E’ stato tutto questo a far cambiare opinione
alla diplomazia italiana sullo stato
giuridico del Tibet e sul diritto all’autodeterminazione
del popolo tibetano?
La “Conferenza per un Tibet indipendente”
si è tenuta a New Delhi presso la
Gandhi Peace Foundation. Tenzin Tsundue,
il segretario di Friends of Tibet (India),
si è presentato con la solita fascia di
stoffa rossa legata alla fronte e il kurta nero.

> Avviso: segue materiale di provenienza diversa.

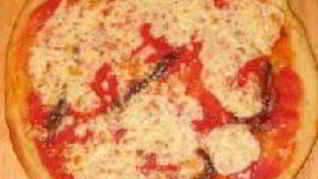 Рецепт Пицца с анчоусами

Ha fatto un appassionato appello ai tibetani
“fuori e dentro il Tibet” a intensificare
la lotta in vista delle Olimpiadi di Pechino
2008. “Faremo ricorso alla lotta nonviolenta”,
ha detto Tsundue. Ma ha poi ammonito:
“La nonviolenza, senza un supporto
di massa, non funziona”. Al termine dei
due giorni di conferenza è stato approvato
un documento. In esso si chiede all’Onu di
dar seguito alla risoluzione 43/47 del 22 novembre
1988 che prevede l’“adozione di misure
urgenti per l’eliminazione delle ultime
tracce di colonialismo”. I delegati hanno
fatto appello a tutti paesi del mondo affinché
si adoperino per porre fine al colonialismo
cinese in Tibet e aiutino il popolo
tibetano a riconquistare la propria libertà.